Le présent témoignage, dont Primo Levi commence la rédaction dès décembre 1945 - pour ne rien oublier, dans l'urgence nécessaire de dire, de faire connaître - relate cette année hors des hommes libres.

Je pourrais ergoter longtemps sur le caractère saississant, vibrant, terrible de ce récit. Nul ne peut ressortir de cette lecture sans la prégnante sensation d'avoir été assommé avec une poele en fonte. Mais au delà de ce retournement des tripes, il y a aussi et surtout l'ouverture à une série de questionnements essentiels. Car Primo Levi a choisi pour rédiger son ouvrage un ton volontairement neutre, ou disons au plus près de la neutralité - le plus possible dépourvu de pathos afin de laisser au lecteur la distance nécessaire pour apprécier le texte comme levier d'un raisonnement. Le point essentiel est là : Si c'est un homme n'est pas là pour faire pleurer dans les chaumières ou pour soulager son auteur - on comprend la futilité de supposer un tel objectif au bout d'une trentaine de pages tant rien ne pourrait soulager une telle expérience ; il est là pour faire en sorte qu'un deuxième Auschwitz n'existe jamais.

Et tous les questionnements, au fond, portent sur l'humanité.
Il est question d'humanité lorsqu'une mère, sachant qu'elle va à la mort, s'applique à nettoyer et à nourrir son enfant comme si rien n'allait changer.
Il est question d'humanité lorsqu'un civil est capable d'offrir une chemise à un détenu sans rien demander en échange, par bonté pure - et de lui rappeler en cela que malgré tout l'acharnement des nazis, il est encore un homme.
Il est question d'humanité lorsqu'on parvient à balayer la tentation de la haine après une telle expérience.
Il est aussi, malheureusement, question d'humanité lorsqu'on touche à la volonté abyssale de démolir un homme, méthodiquement, avec l'oeil froid ou lorsqu'on s'aperçoit que la brute engendre la brute et que le supplicié d'hier se défoule le lendemain sur ses subalternes sans aucune mauvaise conscience (et les exemples de ce triste état de fait dans l'Histoire, oserais-je dire encore aujourd'hui, sont nombreux).
Les exemples pourraient être énumérés à l'infini.

Enfin, il est encore question d'humanité lorsque tout le long, Primo Levi questionne le langage et affirme à plusieurs reprises combien nos mots d'hommes livres ne peuvent dire le vécu des camps. Au fond, transparait cette question : comment écrire, comment créer tout simplement après la seconde guerre mondiale. Question à laquelle j'éviterais, évidemment, de répondre une formule ridicule de philosophie de comptoir mais qui mérite néanmoins de trotter dans nos têtes de littéraires.
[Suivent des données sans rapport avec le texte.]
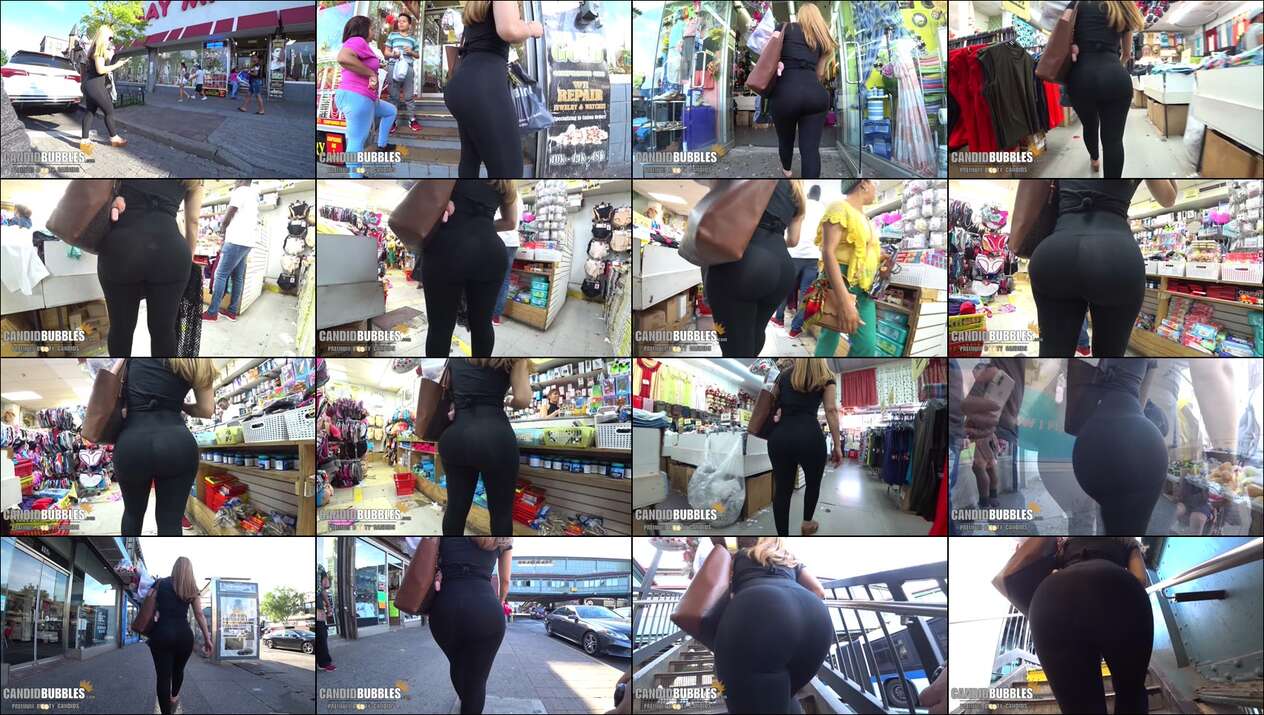 leggings creepshots vol.3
Après hésitation et relecture de ce bouquin, j'ai décidé de le faire étudier à ma classe de 3eme pro cette année. C'est un ouvrage clairement difficile, tant dans le fond que dans la forme et sans doute que pas mal d'entre eux, si ce n'est la totalité, n'en lirons même pas les vingt premières pages. Malgré tout, le simple fait de prendre le temps d'en parler en classe et de lancer quelques bribes de questions, pourquoi pas d'en faire matière à débat, leur allumera peut-être quelques lumières insoupçonnées. Il me semble que Si c'est un homme soulève trop de questions primordiales pour être balayé par la peur de la difficulté. Je croise les doigts pour que cette année me donne raison.

En attendant, si tu tombes sur ce modeste article et que tu n'as pas encore lu Si c'est un homme, un seul conseil : accroche-toi et lis.